Contudo, é importante lembrar que a
sua defesa radical da Constituição americana já foi alvo de crítica pelos
setores progressistas. Um exemplo é a sua interpretação da Segunda Emenda, o
que fez com que ele nunca se colocasse como favorável a restrição para a
aquisição de armas de fogo. Quando foi eleito Governador do Estado de Vermont
recebeu, inclusive, doações da NRA (Associação Nacional de Rifles), principal
lobista dos fabricantes de arma.
Assim, Bernie Sanders reúne algumas
características muito importantes enquanto candidato: uma ampla trajetória e
larga experiência na administração pública além de uma incondicional luta pelos
direitos dos trabalhadores. O candidato não é um exótico, oportunista,
populista, ou um falso socialista. Ao contrário, faz parte das lutas políticas
e das crises recentes pelas quais os Estados Unidos passaram nas últimas décadas.

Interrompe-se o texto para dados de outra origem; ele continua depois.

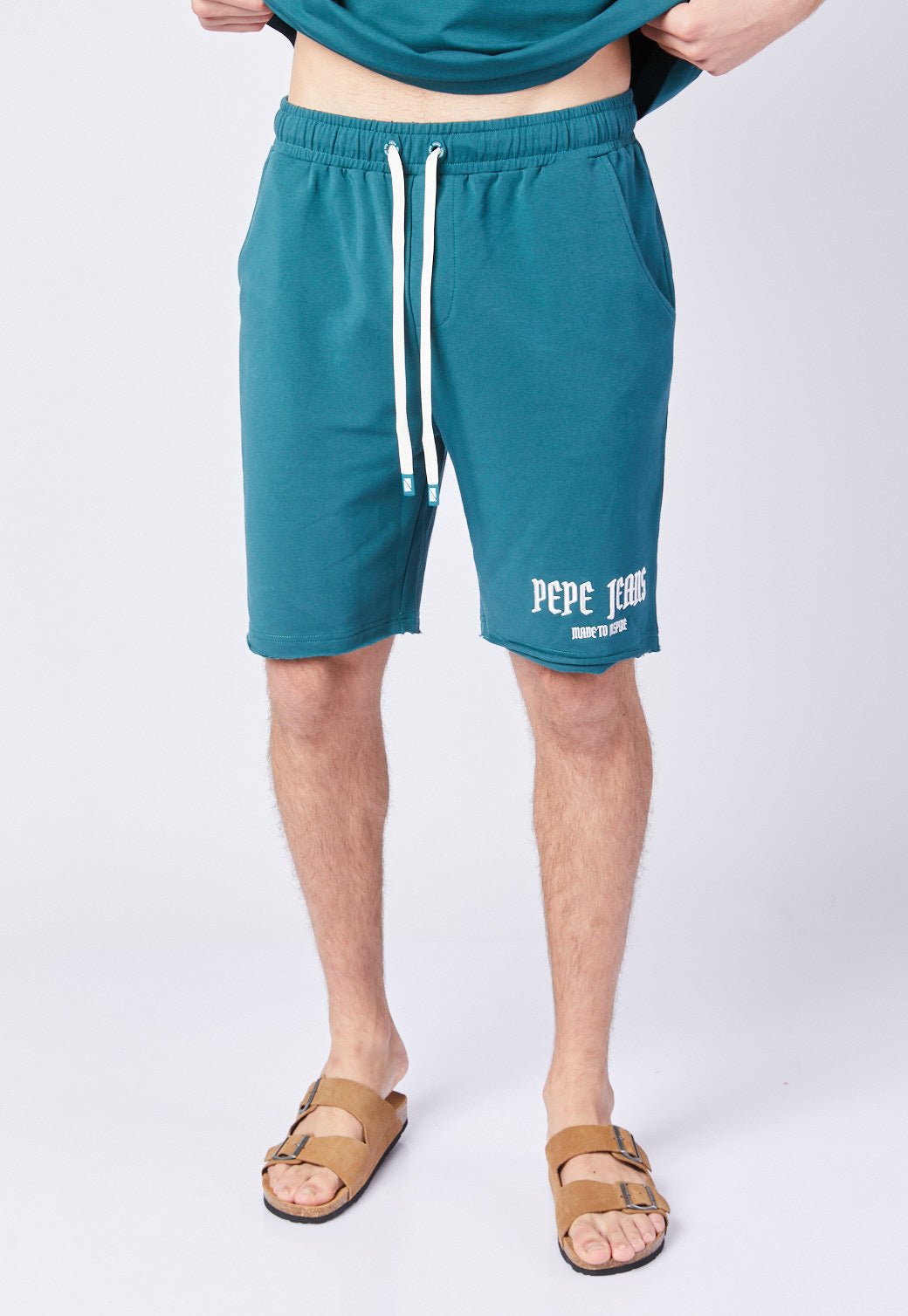 מכנסי טרי קצרים - Pepe Jeans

Se as ideias de Sanders têm longa
trajetória, o que levou a que ele crescesse politicamente bem agora, a ponto de
colocar pressão sobre Hillary Clinton?
Duas respostas me parecem ser
centrais. O fato de Barack Obama não ter realizado suas promessas de campanha,
desagradando os setores mais progressistas entre os Democratas e,
principalmente, a defesa que Sanders propõe dos direitos dos trabalhadores.
Esse é o ponto central.
Desde a crise de 2008 os EUA
passaram por uma enorme onda de desemprego que vai até 2010 (2011). Atualmente,
a maioria dos americanos já recuperou o emprego (o desemprego está por volta de
5%). No entanto, nesse dado esconde uma mudança nas relações de trabalho.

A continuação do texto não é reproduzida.